DATA EXTRACTS:

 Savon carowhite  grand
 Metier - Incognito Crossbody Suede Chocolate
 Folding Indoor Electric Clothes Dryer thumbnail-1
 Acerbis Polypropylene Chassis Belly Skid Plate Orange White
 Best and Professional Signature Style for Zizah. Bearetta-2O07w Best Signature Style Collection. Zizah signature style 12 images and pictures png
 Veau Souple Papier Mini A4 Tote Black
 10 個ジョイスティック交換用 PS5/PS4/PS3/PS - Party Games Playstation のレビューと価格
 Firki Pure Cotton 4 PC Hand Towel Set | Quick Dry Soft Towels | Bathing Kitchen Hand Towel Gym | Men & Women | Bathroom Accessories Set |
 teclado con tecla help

* * *

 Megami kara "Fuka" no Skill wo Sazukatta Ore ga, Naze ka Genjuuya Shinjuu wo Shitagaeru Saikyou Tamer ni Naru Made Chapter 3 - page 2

--

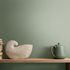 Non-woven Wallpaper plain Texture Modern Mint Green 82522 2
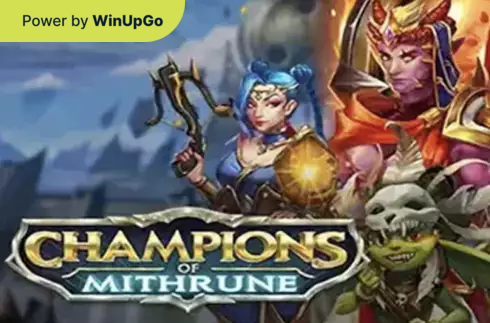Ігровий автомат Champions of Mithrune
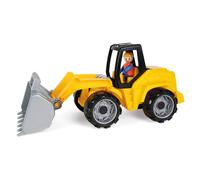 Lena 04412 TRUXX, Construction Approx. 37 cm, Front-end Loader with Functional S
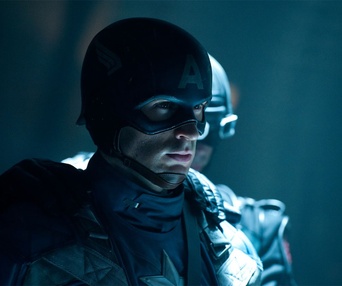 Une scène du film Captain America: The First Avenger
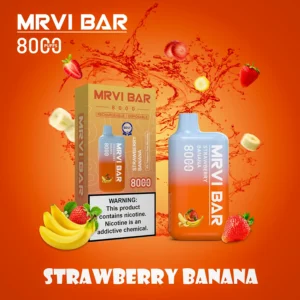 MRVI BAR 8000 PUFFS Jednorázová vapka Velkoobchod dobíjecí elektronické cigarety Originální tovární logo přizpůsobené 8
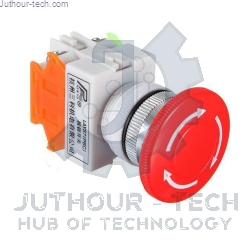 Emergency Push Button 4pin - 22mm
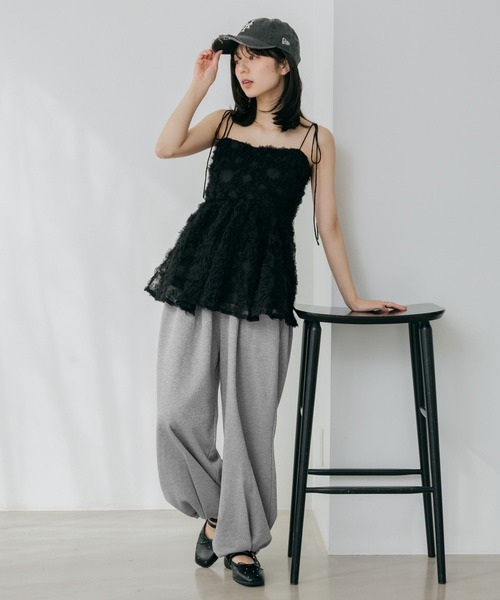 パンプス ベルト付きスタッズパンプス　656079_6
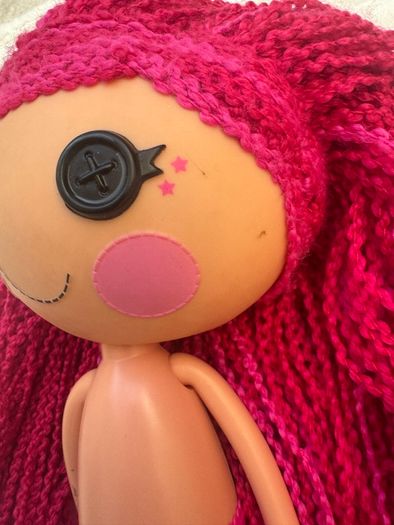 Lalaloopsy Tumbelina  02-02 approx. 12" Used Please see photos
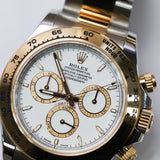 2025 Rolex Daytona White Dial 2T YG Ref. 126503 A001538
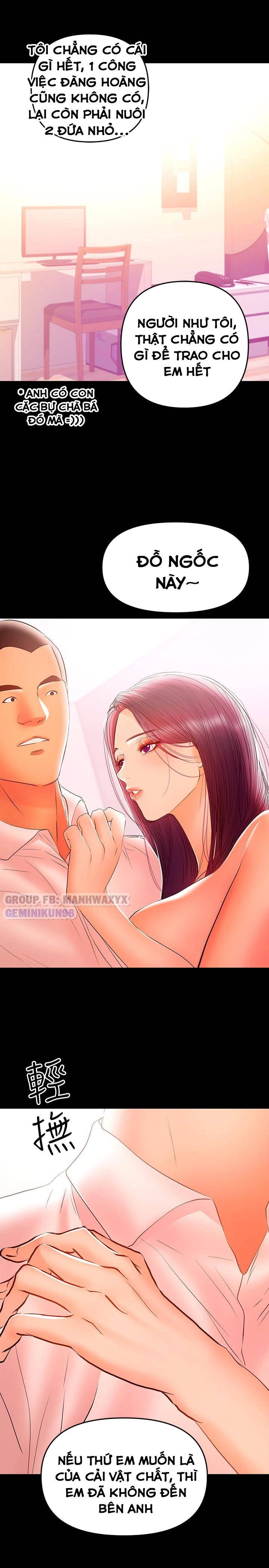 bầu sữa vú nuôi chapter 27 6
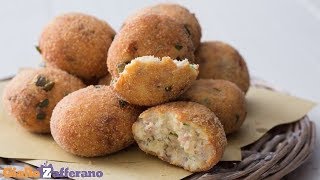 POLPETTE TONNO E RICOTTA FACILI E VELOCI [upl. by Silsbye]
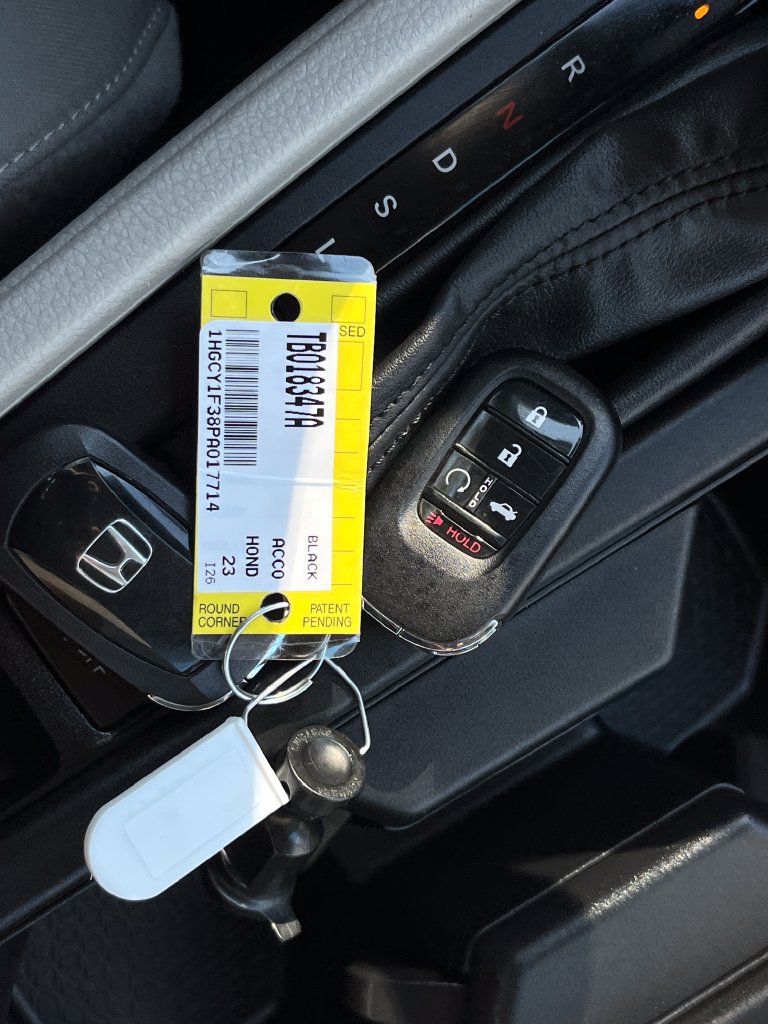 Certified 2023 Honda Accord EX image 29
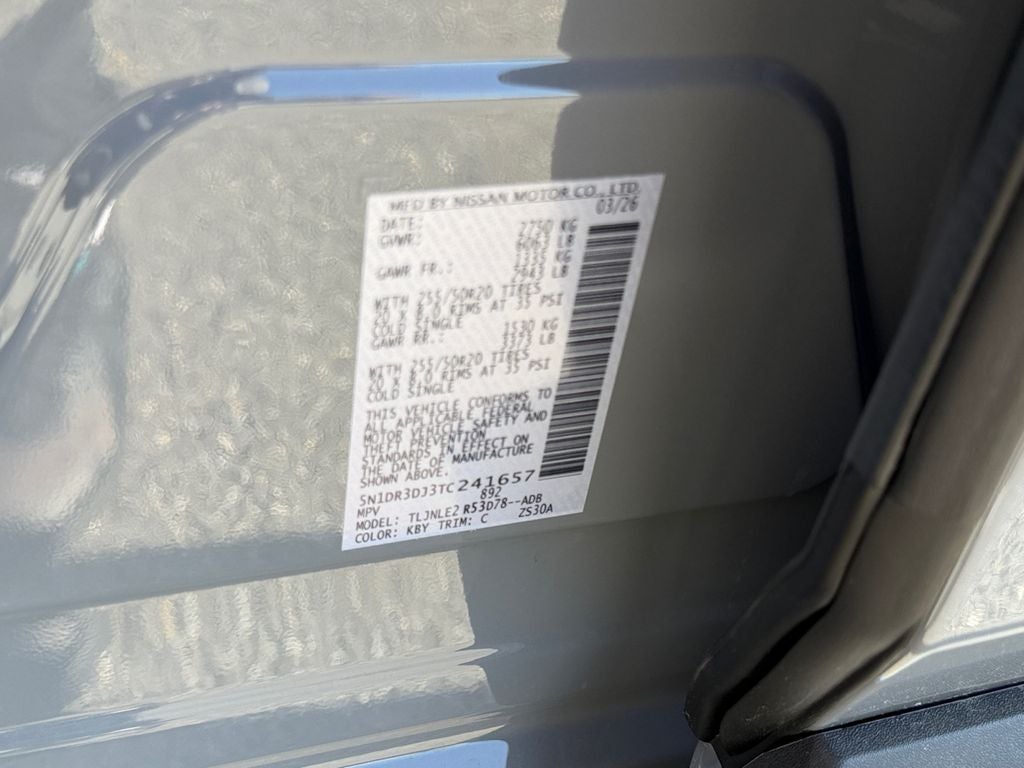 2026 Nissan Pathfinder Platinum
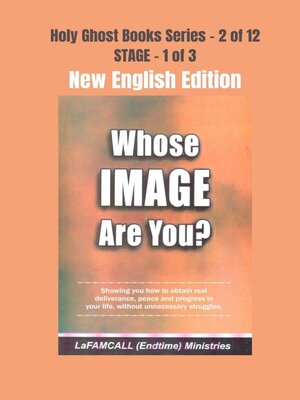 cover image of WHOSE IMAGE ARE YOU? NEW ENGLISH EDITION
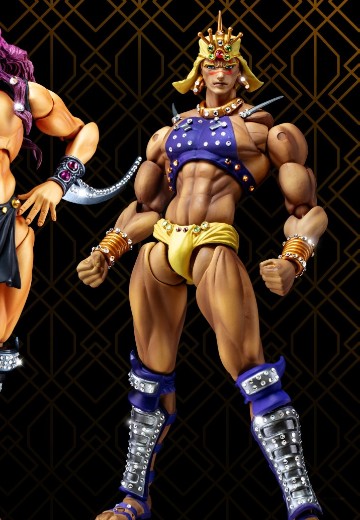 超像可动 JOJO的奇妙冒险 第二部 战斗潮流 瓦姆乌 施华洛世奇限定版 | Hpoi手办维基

WHAT IS BEING ASKED: Begin at the line above that has "Veau Souple Papier Mini A4 Tote Black" and stop after the line that has "teclado con tecla help", copying each line exactly and adding nothing else.

RESPONSE FOR THIS EXERCISE:
 Veau Souple Papier Mini A4 Tote Black
 10 個ジョイスティック交換用 PS5/PS4/PS3/PS - Party Games Playstation のレビューと価格
 Firki Pure Cotton 4 PC Hand Towel Set | Quick Dry Soft Towels | Bathing Kitchen Hand Towel Gym | Men & Women | Bathroom Accessories Set |
 teclado con tecla help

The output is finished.